Sans que cela soit intentionnel (il y a fort à parier) Levan Gabriadze réalise ici un film-temps , en référence à Deuleuze et ses concepts d‘image-mouvement (cinéma classique) et d’image-temps (nouvelle forme de cinéma), novateur et bien dans l’air de notre temps. Il s’écarte formellement du slasher-ados traditionnel (« Souviens-toi l’été dernier », « Destination finale »), tout en en gardant les grands principes pour nous donner un film gadgtech, ludique, stressant et foncièrement malin.
C’est donc un le slalsher-ado, nouvelle formule mais respectueux du genre. On comprend donc mal pourquoi une certaine presse voudrait y trouver autre chose qu’une trame simpliste, quelques ados hystérico-neuneu décimés les uns après les autres, des incongruités et un survoltage ambiant. C’est le concept par excellence de ce type de films qui ont fait les beaux jours du cinéma d’horreur à la fin des années 90 et dans les années 2000 et tombés en désuétude depuis.

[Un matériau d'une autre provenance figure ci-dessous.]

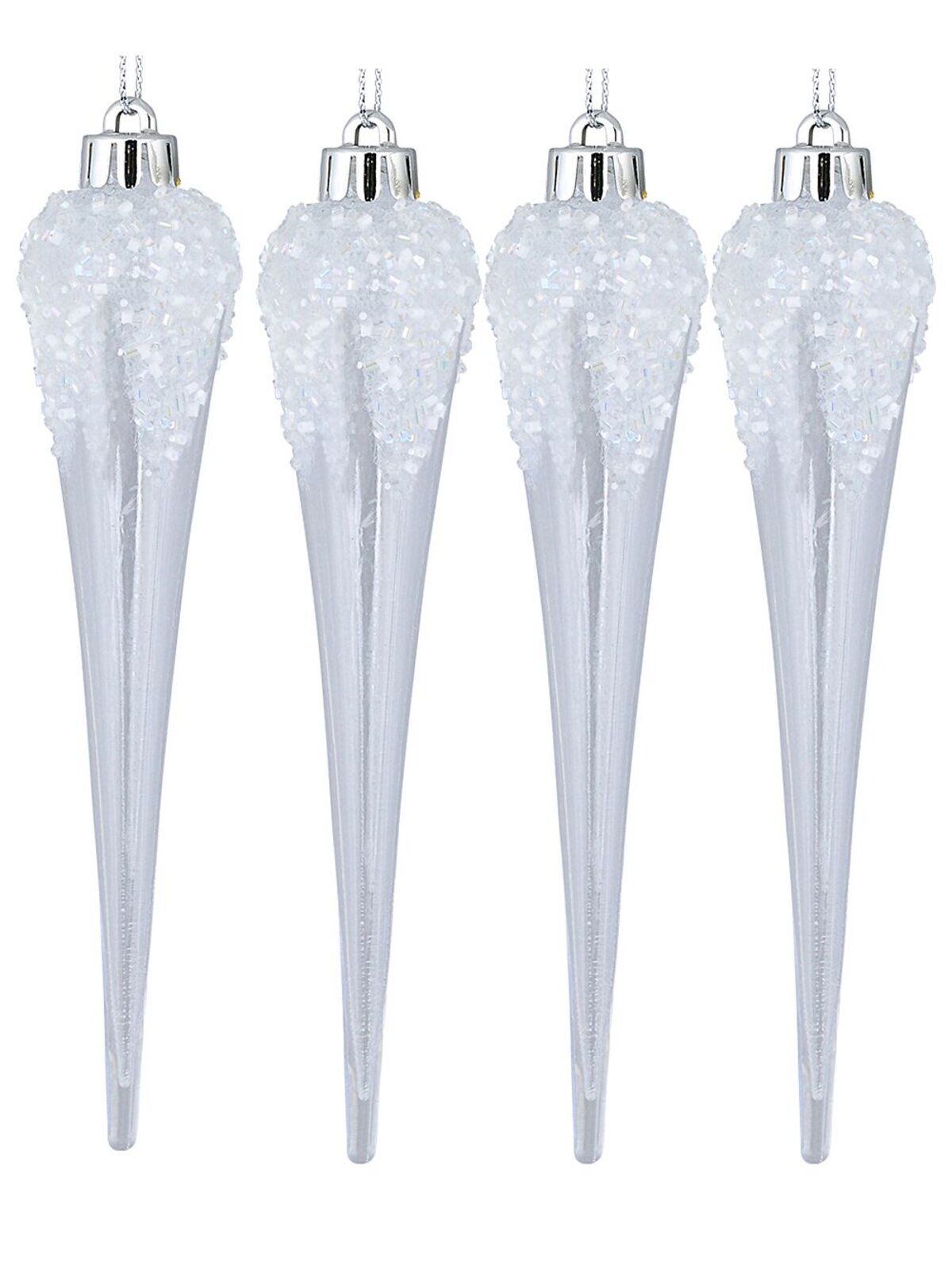 4x Frosted & Clear Icicle Whimsical Essential Ornament | 15cm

« Unfriended », ne vaut que par sa forme visuelle bien ancrée dans notre paysage numérique quotidien où se mêlent à l’écran tous supports pour chaque action, et évoque sur toutes ses faces la nouvelle peur bien rationnelle cette fois, celle de se faire happer (profiling, ciblage comportemental, harcèlement…). Le profil fantôme qui vient s’immiscer dans la conversation des 5 amis représente d’abord la peur (de l’inconnu), puis l’angoisse (est-ce l’un d’entre eux ?) et enfin la terreur (ils sont là pour en baver). Techniquement parlant, c’est génial ! Ce faux plan séquence (bien plus crédible que celui de « Birdman ») s’étalant sur tout le film est constamment parasité par les juxtapositions d’images et de sons familiers ou inquiétants. Toute la mécanique de l’angoisse repose sur ce stress permanent d’une mauvaise découverte au sens propre comme au figuré.
Mais ce concept révèle malheureusement ses limites, notamment en ce qui concerne l’unité de lieu trop cloisonnée (même si cela est logique). On se fatigue un peu sur la seconde partie (la découverte s’étant émoussée), elle est heureusement sauvée par un final ingénieux.
Et si l’on se reporte au minimaliste budget (1M de $) et à la durée du tournage (16 jours), on ne peut qu’être étonné, dans le bon sens du terme, et Gabiriadze de s’en sortir plutôt très bien !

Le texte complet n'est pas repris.